# Your objective:
Show every line of the data that contains the string "right".

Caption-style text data
◇ ◇ ◇

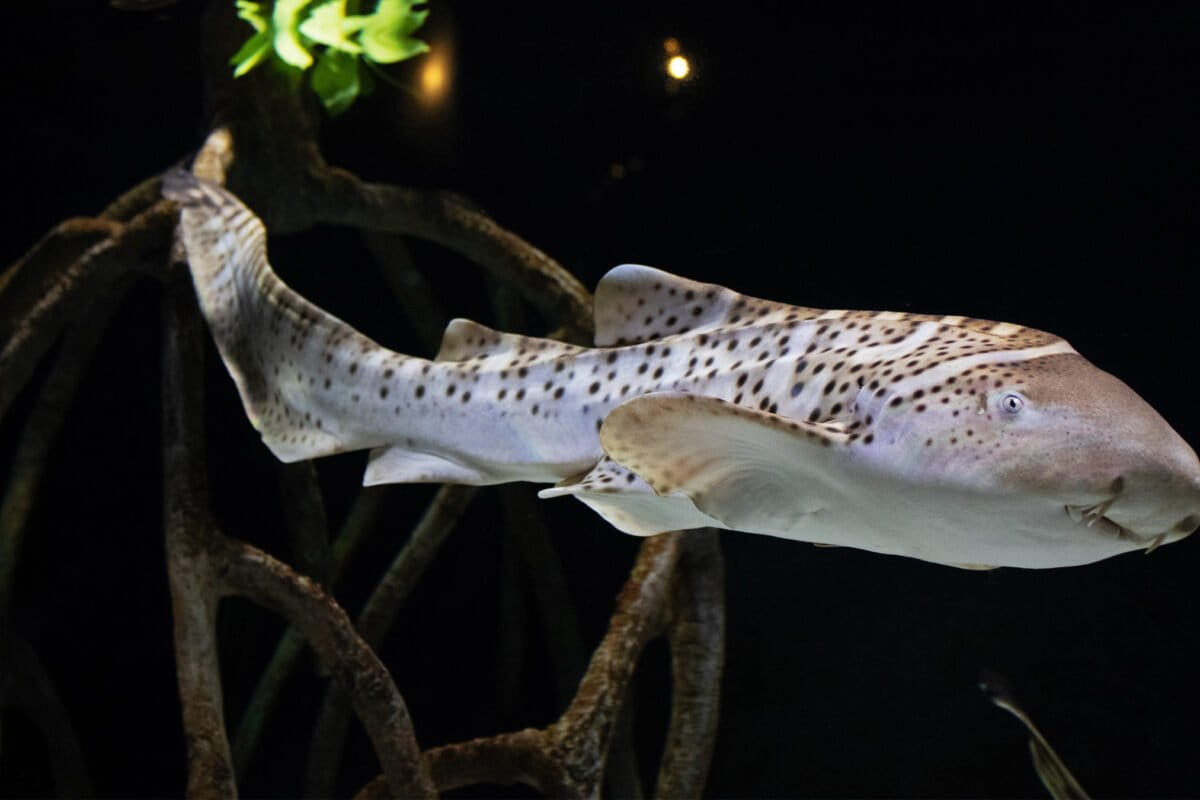 Pet sharks have become cool, but is owning them ethical?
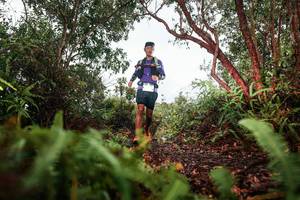 BIB: 
                            <button type="button" onclick="openModal(26209745)" class="btn btn-primary btn-sm float-right btn-popup" data-toggle="modal" data-target=".modal-high-quality">
                        <i class="fas fa-shopping-cart"></i> Add to Cart
                    </button>
                                            <button type="button" onclick="isThisMe(26209745, true)" class="btn btn-success btn-sm float-right btn-popup btn-isme hidden" data-toggle="tooltip" data-placement="bottom" title="นี่คือรูปของคุณใช่ไหม คลิกที่นี่เพื่อเอาเข้าอัลบั้ม">
                        <i class="fas fa-plus"></i> Add to album
                    </button>
                    <button type="button" onclick="isThisMe(26209745, false)" class="btn btn-warning btn-sm float-right btn-popup btn-isnotme hidden">
                        <i class="fas fa-ban"></i> Remove from album
                    </button>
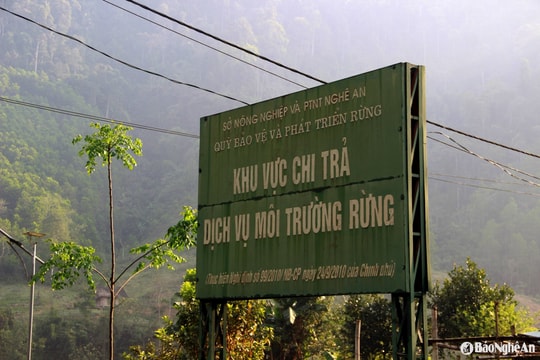 Bảo vệ rừng, tạo sinh kế bền vững nơi biên giới xứ Nghệ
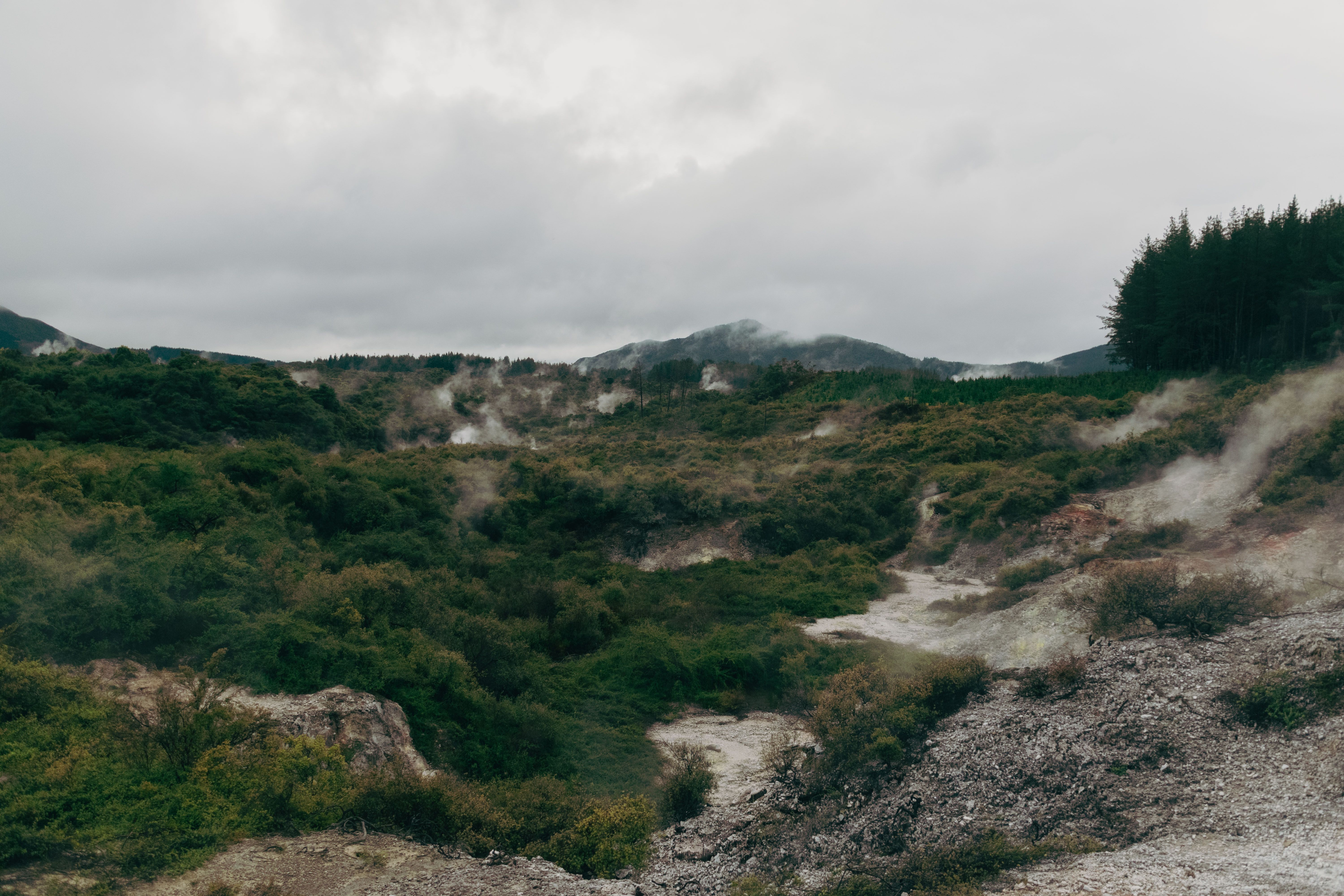 Misty geothermal area with lush green vegetation and steaming vents in New Zealand.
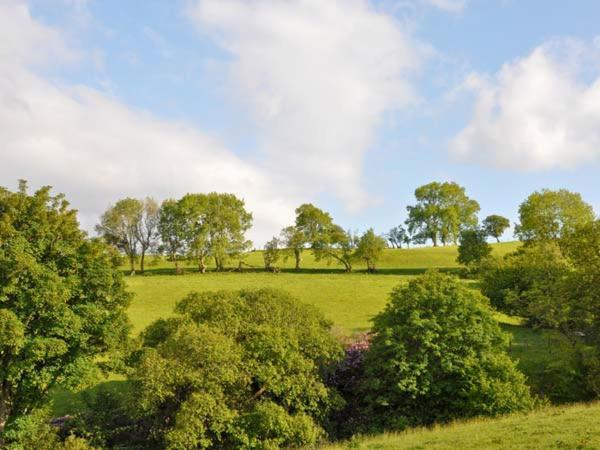 Hendre Aled Cottage 1 Llansannan Exteriör bild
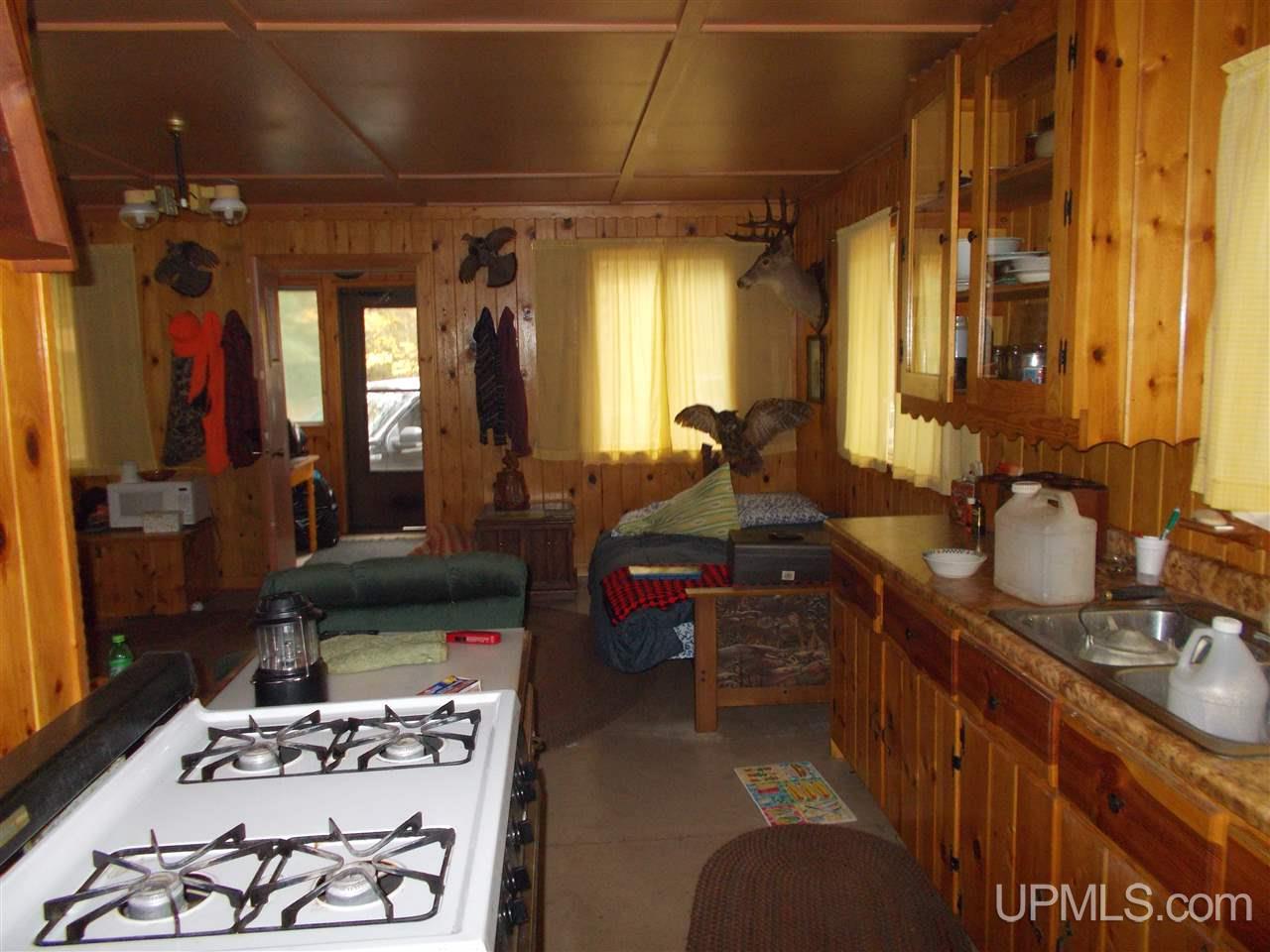 190-acres Clark Creek Road Ishpeming, MI 49849 - Photo 6 of 25 Gallery Image 6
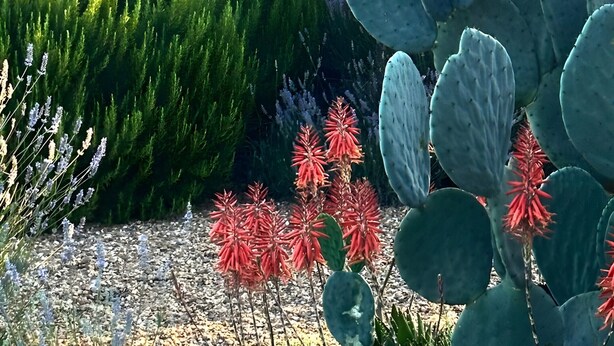 A desert landscape with cacti and flowering plants, a clear sky, and distant hills. - Holiday Home 'Herdade Da Carapuça' with Mountain View, Private Pool and Wi-Fi (Portalegre)
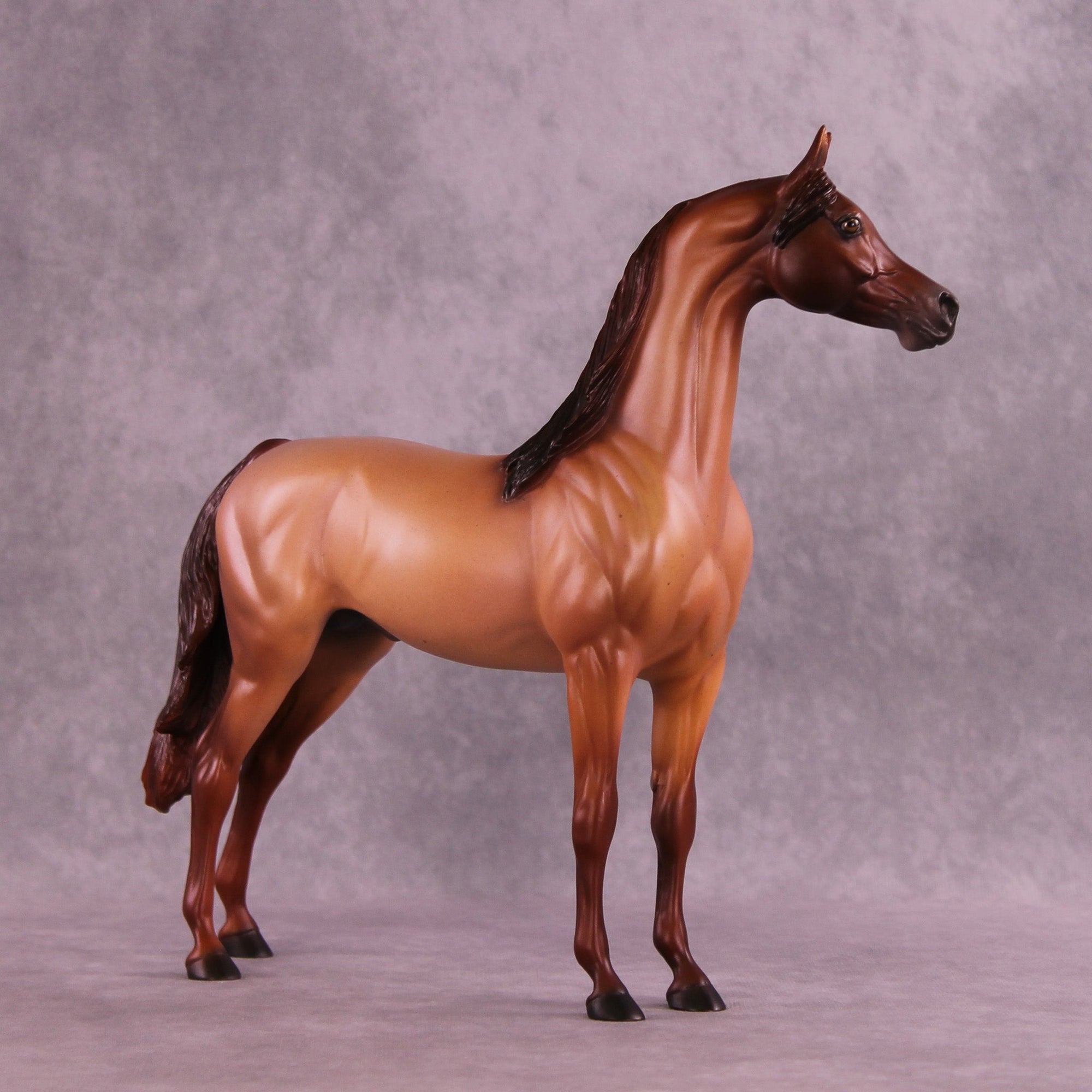 Spice Cake OOAK Arabian Stallion by Ellen Robbins MM25 Group B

◇ ◇ ◇

# Task solution:
                            <button type="button" onclick="openModal(26209745)" class="btn btn-primary btn-sm float-right btn-popup" data-toggle="modal" data-target=".modal-high-quality">
                                            <button type="button" onclick="isThisMe(26209745, true)" class="btn btn-success btn-sm float-right btn-popup btn-isme hidden" data-toggle="tooltip" data-placement="bottom" title="นี่คือรูปของคุณใช่ไหม คลิกที่นี่เพื่อเอาเข้าอัลบั้ม">
                    <button type="button" onclick="isThisMe(26209745, false)" class="btn btn-warning btn-sm float-right btn-popup btn-isnotme hidden">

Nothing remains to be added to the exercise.